Exercise brief. Below are the entries. Print only the lines starting at the one with "T6931 T6932 T6933" and ending at the one with "Several bags of", exactly, with no pictures.

Material for the task.
-------

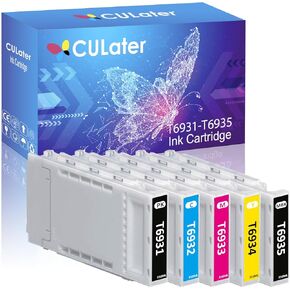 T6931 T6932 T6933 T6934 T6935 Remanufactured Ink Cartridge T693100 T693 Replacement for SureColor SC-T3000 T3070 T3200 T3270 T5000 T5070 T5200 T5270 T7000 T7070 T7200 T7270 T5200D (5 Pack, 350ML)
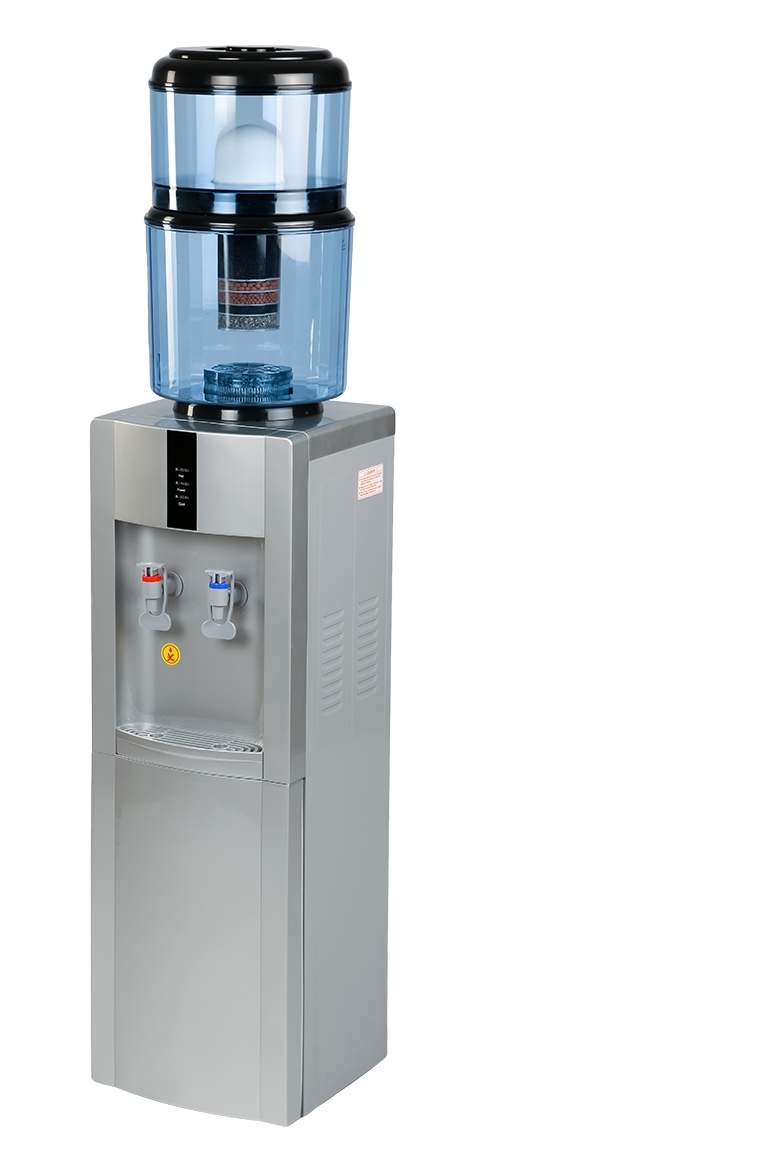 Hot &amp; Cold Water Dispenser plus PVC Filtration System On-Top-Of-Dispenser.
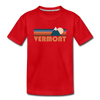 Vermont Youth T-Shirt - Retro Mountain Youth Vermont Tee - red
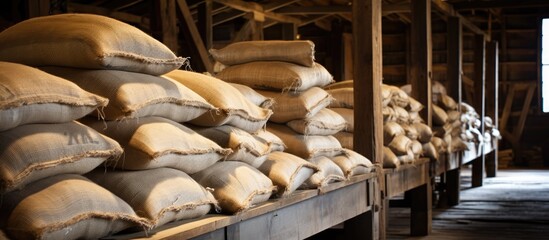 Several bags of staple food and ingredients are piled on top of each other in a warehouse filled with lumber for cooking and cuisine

-------

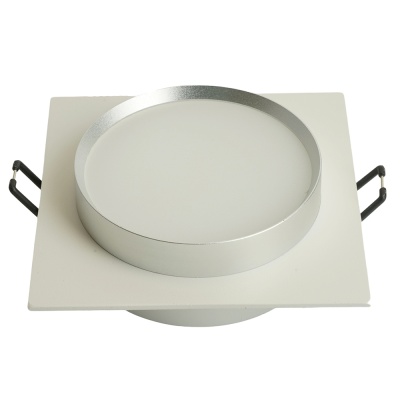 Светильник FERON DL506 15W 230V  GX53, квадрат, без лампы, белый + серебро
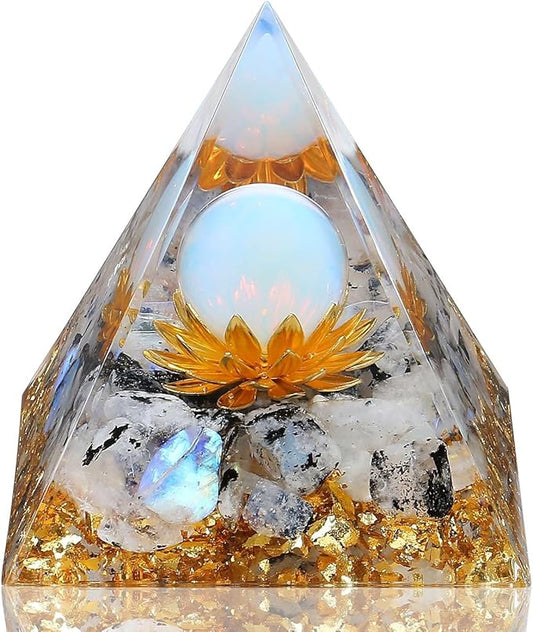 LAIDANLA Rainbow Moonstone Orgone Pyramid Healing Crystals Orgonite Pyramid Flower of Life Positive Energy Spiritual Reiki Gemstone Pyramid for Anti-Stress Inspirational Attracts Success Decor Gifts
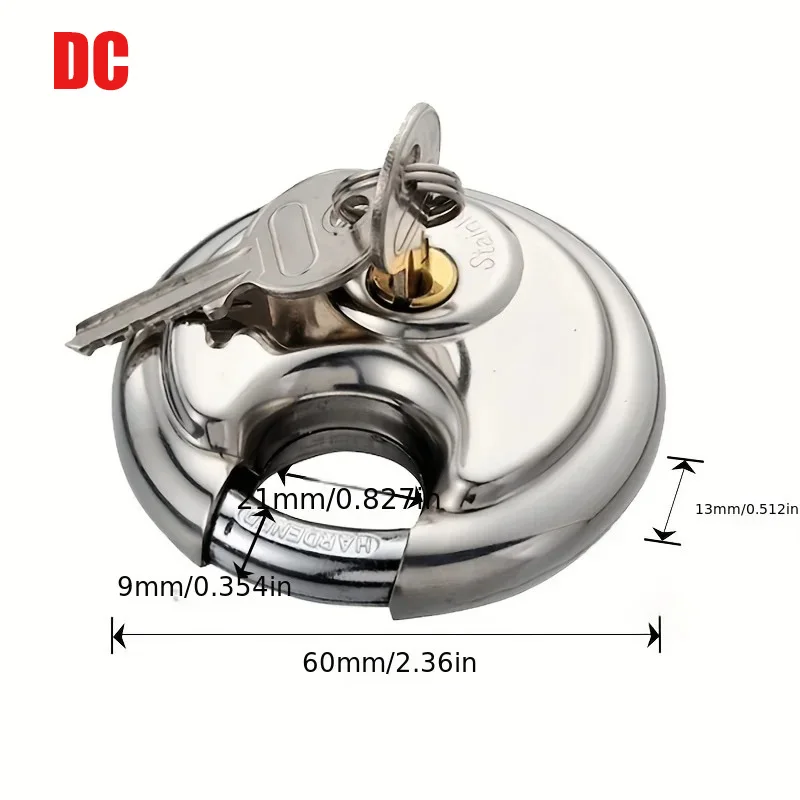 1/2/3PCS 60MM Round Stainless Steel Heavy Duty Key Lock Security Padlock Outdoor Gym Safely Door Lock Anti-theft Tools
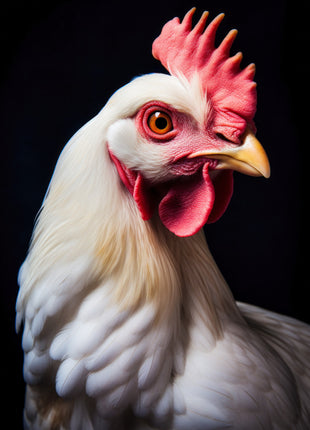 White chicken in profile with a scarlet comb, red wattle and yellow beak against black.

-------

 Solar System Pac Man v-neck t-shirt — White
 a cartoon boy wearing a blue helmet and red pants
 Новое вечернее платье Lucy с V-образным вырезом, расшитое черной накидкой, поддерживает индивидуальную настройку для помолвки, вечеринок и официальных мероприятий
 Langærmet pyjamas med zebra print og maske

-------

Solved problem.
 T6931 T6932 T6933 T6934 T6935 Remanufactured Ink Cartridge T693100 T693 Replacement for SureColor SC-T3000 T3070 T3200 T3270 T5000 T5070 T5200 T5270 T7000 T7070 T7200 T7270 T5200D (5 Pack, 350ML)
 Hot &amp; Cold Water Dispenser plus PVC Filtration System On-Top-Of-Dispenser.
 Vermont Youth T-Shirt - Retro Mountain Youth Vermont Tee - red
 Several bags of staple food and ingredients are piled on top of each other in a warehouse filled with lumber for cooking and cuisine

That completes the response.